▶ [Problem to work on] The response must restate all of the data word for word.

▶ [Data shown]
==============================
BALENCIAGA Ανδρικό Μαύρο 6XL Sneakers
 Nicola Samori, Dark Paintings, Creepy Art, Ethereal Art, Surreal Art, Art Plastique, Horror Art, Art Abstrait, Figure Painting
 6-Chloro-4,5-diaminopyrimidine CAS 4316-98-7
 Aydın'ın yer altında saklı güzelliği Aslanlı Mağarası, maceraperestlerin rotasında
==============================
▶ [Solution]
BALENCIAGA Ανδρικό Μαύρο 6XL Sneakers
 Nicola Samori, Dark Paintings, Creepy Art, Ethereal Art, Surreal Art, Art Plastique, Horror Art, Art Abstrait, Figure Painting
 6-Chloro-4,5-diaminopyrimidine CAS 4316-98-7
 Aydın'ın yer altında saklı güzelliği Aslanlı Mağarası, maceraperestlerin rotasında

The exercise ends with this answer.